Under Section 149 a Collector may attach and sell the moveable property of a defaulter. Under that provision of law attachment and sale ordered under the section shall have to be made according to the law in force for the time being for the attachment and sale of moveable property under the decree of a Civil Court. Under Section 227 of the Land Revenue Act an Assistant Collector, in charge of a sub-division of a district has power to attach and sell movable property of a defaulter under Section 149 of the Act.
It was in exercise of those powers that the Assistant Collector of the sub-division of Farrukhabad signed the distress warrant. The property to be attached consisted of assets held by the Civil judge. The proper procedure for the attachment of such assets should have been in terms of Order XXI, Rule 52 of the Code of Civil procedure.
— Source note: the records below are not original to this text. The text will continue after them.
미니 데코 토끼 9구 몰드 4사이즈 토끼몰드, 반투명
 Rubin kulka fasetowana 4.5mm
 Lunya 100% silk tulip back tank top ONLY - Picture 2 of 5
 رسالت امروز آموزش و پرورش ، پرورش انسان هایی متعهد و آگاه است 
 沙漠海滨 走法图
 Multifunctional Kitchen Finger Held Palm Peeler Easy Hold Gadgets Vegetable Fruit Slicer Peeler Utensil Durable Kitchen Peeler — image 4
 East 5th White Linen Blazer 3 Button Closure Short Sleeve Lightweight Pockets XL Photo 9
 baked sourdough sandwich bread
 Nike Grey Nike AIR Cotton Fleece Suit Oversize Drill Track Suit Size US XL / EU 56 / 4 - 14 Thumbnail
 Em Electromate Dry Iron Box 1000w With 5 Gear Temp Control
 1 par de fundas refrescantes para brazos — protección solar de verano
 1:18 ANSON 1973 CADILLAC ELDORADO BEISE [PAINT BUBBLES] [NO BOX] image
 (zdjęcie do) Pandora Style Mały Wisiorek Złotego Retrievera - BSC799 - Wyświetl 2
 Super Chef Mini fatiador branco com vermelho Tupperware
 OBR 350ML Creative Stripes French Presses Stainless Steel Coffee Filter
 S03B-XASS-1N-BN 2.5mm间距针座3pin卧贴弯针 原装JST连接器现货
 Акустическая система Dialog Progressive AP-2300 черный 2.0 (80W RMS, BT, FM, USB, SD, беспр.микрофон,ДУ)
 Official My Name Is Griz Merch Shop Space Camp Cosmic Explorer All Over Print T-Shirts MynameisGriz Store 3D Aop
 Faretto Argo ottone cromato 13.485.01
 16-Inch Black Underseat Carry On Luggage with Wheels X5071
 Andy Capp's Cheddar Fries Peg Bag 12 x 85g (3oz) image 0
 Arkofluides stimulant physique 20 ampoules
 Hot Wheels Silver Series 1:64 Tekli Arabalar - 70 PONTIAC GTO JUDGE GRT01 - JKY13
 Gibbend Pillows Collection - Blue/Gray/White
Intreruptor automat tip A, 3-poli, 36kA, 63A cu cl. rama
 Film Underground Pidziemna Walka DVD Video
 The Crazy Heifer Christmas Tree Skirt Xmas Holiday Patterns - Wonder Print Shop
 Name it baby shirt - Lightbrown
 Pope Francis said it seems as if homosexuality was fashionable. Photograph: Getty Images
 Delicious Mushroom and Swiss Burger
Under that provision the attachment of such assets were to be made by a notice to the Court or officer who holds the assets requesting that the assets may be held subject to the further orders of that court.
That procedure was not adopted. Instead, an ordinary warrant of attachment without specification of any property, sought to be attached, was signed by the Assistant Collector. That Writ of attachment did not even show as to whom it was addressed. Further, although the form of that attachment provides that the person to whom it is addressed was to make the attachment by a particular date and to report whether the order has been carried out or not by that date, the spaces as to it were all left blank in the writ of attachment.
In addition the warrant did not contain the seal of the court or the signature of the officer by whom it was issued. It is the Assistant Collector, in charge of a Sub-division only and no other officer below that rank who could make the attachment under, Section 149 read with Section 227 of the U. P. Land Revenue Act. Instead the Tahsildar of Farrukhabad sent the distress warrant for attachment of the sum which lay in Court and informed the Civil Judge that after the receipt of the order his man would go to the court to collect it from the Civil Judge's Office.
The learned Civil Judge refused to treat it as a request under Order XXI, Rule 52 of the Code of Civil Procedure, made by a proper officer. There can be no doubt whatsoever that the Assistant Collector moved in an irregular manner and the proceedings in attachment had not been taken in accordance with law.
10. In every view of the matter, we are of opinion that the order of the court below cannot be upheld.
11. We accordingly allow this application set aside the order dated the 20th of May, 1952, passed by the learned District Judge and restore that of the court of the Civil Judge.
12. The applicant shall have his costs from the opposite side.